Thomas Weisel Partners Group Inc. underestimated its loss for the first three quarters of last year, raising doubts about the securities firm's pending initial public offering.
The 8-year-old San Francisco-based firm said Tuesday that its loss in the first nine months of 2005 was $14.2 million, 8% wider than it reported a month ago in IPO documents filed with regulators.
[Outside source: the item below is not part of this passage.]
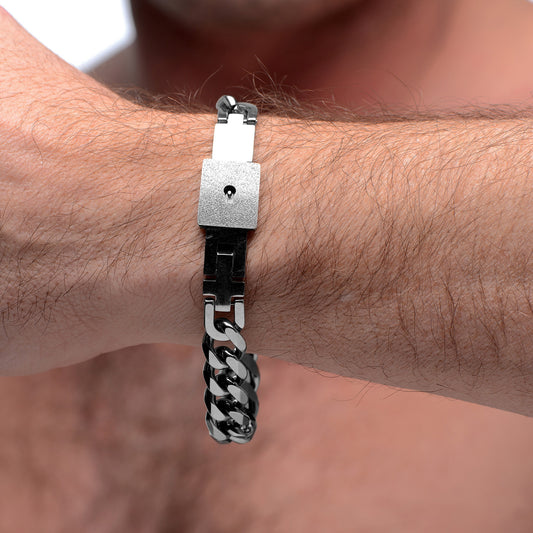 Chained Locking Bracelet and Key Necklace - UABDSM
Goldman Sachs Group Inc. dropped out as a manager of the stock sale this month, and Weisel replaced the firm with Fox-Pitt, Kelton Ltd.
"These aren't good signs," said David Martin, a former director of the Securities and Exchange Commission's corporate finance division and now a partner at Washington-based law firm Covington & Burling. "At the minimum it's a timing complication and at the maximum it could postpone the offering."
Weisel, started by former Montgomery Securities Chief Executive Thomas Weisel, is struggling to make money as Wall Street competitors reap record profits. The firm, which specializes in advising technology, healthcare and consumer companies, said it planned to use proceeds from the IPO to help fund an expansion of its investment banking and brokerage business and to retain employees.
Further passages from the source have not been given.